たしかに彼女との行為が、苦痛でしかないと言えば嘘になる。
しかしそれをよりによってすみれに指摘されるのはさすがにいただけないとも思うのだ。
(でもすみれのいう事って結構的確だったりすることあるからな・・・)
そんなことを思いつつユキヤは今日もまた彼女の家で彼女に縛られながらその愛撫を受けていた。
両手首を手錠で拘束され、両足もそれぞれベッドの端と端で固定されて身動きが取れない状態だ。

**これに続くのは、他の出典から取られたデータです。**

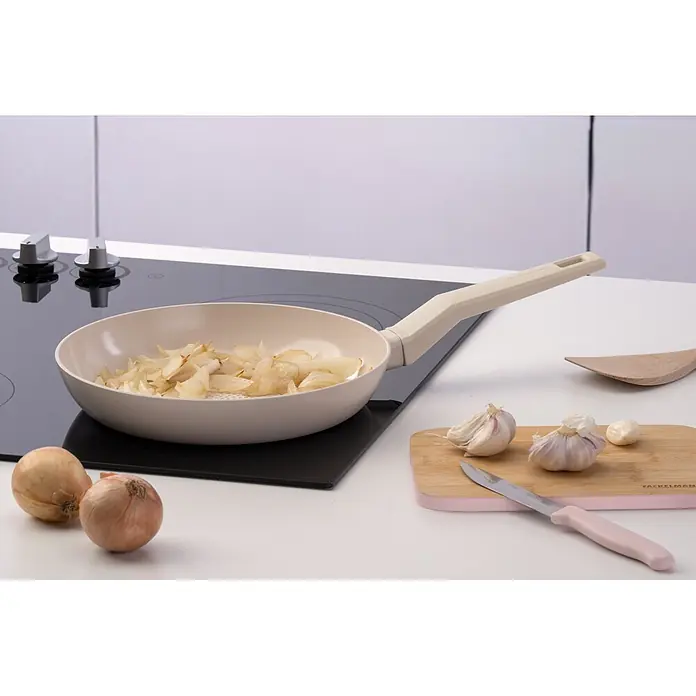 Fackelmann Pfanne Pamela Reif Kollektion Shell Wabenboden - Durchmesser: 24 cm, Beige - Beige Bratpfanne mit angeschwitzten Zwiebeln auf schwarzem Induktionskochfeld.
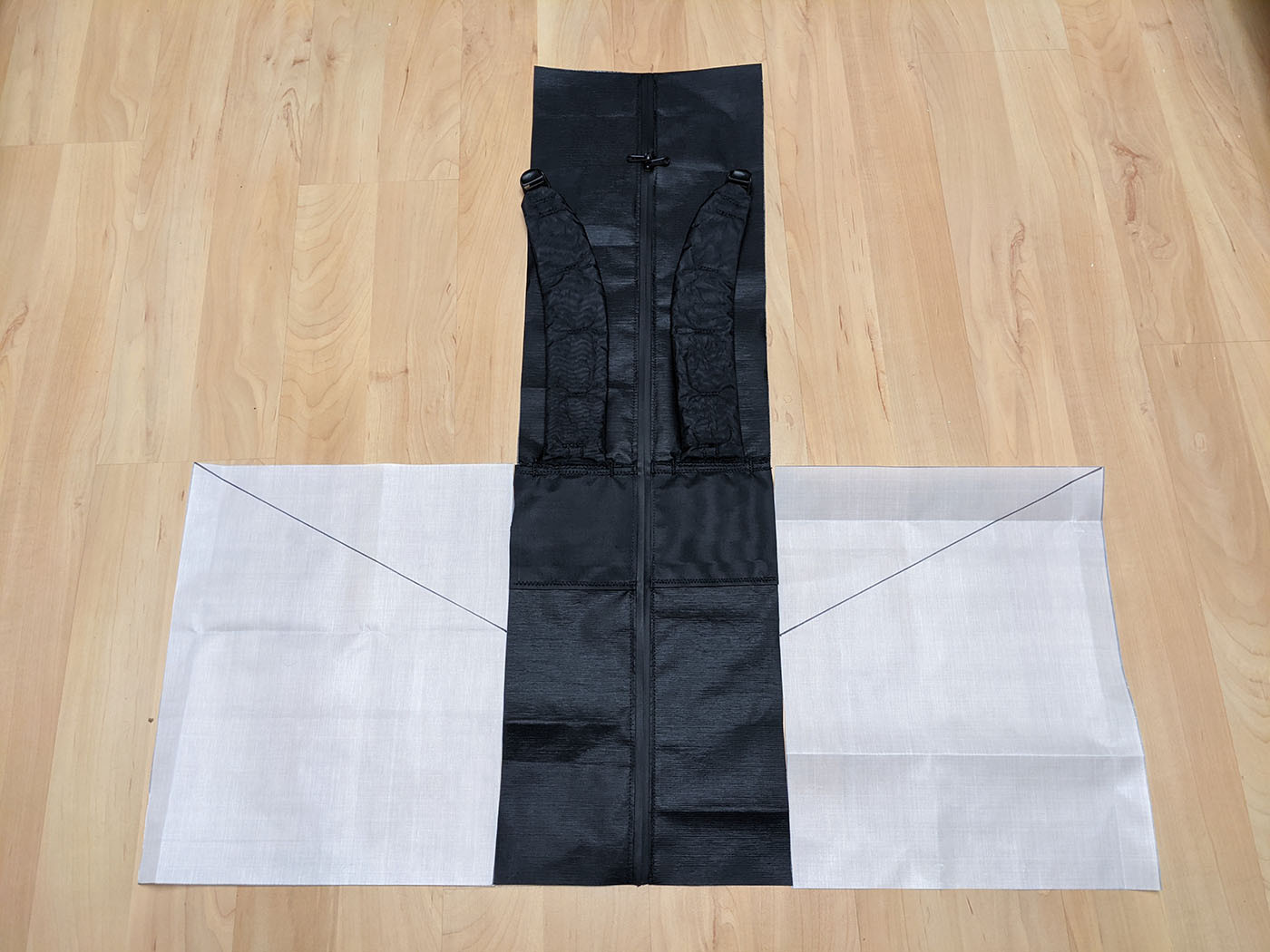 side-pockets-cutout.jpg Back panel and white side panels laid flat before pocket assembly
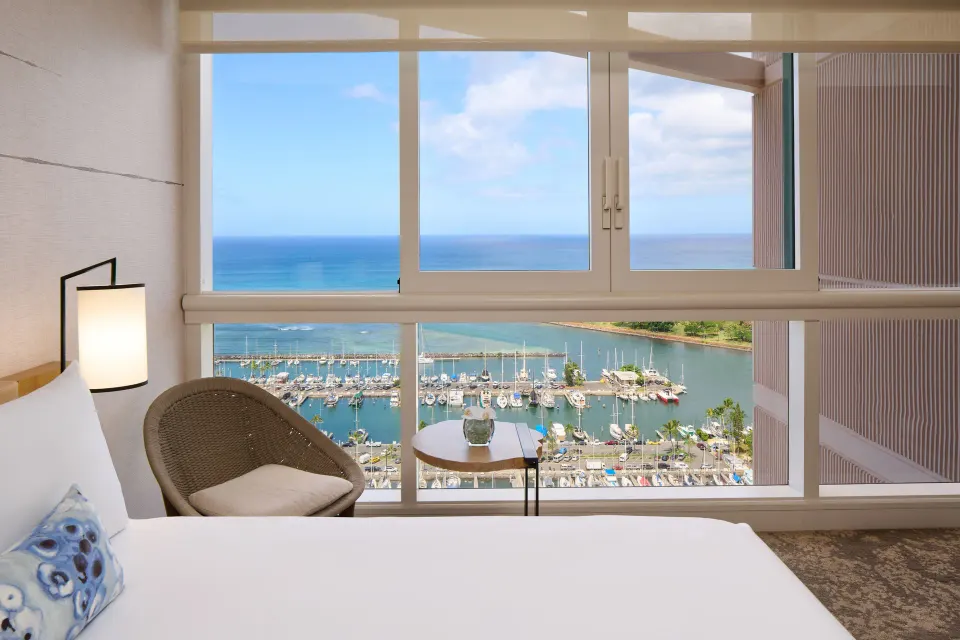 Ocean Front Premier bed area with marina and ocean view at Prince Waikiki.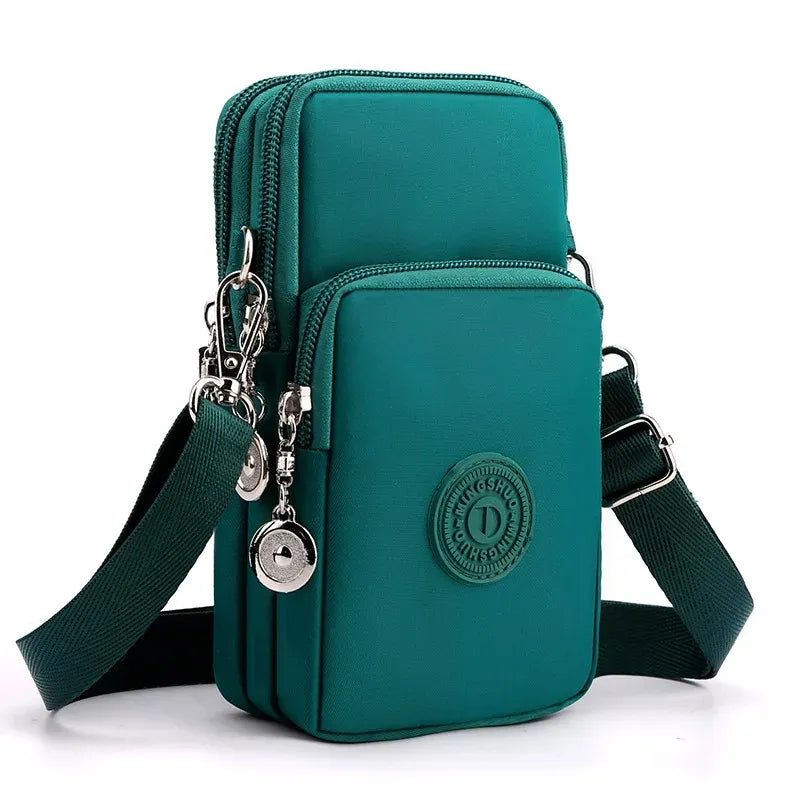 Green crossbody bag with a visible brand logo on a white background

そして服はすべて脱がされていて、一糸まとわぬ姿になっている。
「ふーん。やっぱりこうやって縛られるの好きなんだ?」
「そ、そういうわけじゃ……」「ふーん、でもここは元気になってきてるよ?」
口ではそう言いつつも体は正直に反応してしまう。
先程まで散々焦らされたせいか乳首はすでにビンビンに立ち上がっているし、
股間の方も痛いくらいに勃起している。
「こっちの方はまだ触っていないのに大きくなってるね~。
もしかして期待していたのかな?ねぇ、ユキちゃん?」
彼女は意地の悪い笑みを浮かべながらユキヤのペニスを握ってくる。そのままゆっくりと上下にしごかれる。
「あぁっ……だめぇえ!」
「ダメじゃないでしょう?ほらここだってこんなに固くなってるよ?」
そう言って今度は亀頭を指先でぐりっと押される。
「あああっ!!」
あまりの快感に思わず声が出てしまった。
「ほんとうに可愛いよね君は……。もっといじめたくなっちゃう」
耳元でささやかれ背筋がゾクッとする。次の瞬間、突然強烈な刺激に襲われた。
「ひぃいいいっ!?」
見ると彼女がユキヤのモノを口に含んでいた。生暖かい感覚に包まれると同時に、舌先がカリ裏を刺激してくる。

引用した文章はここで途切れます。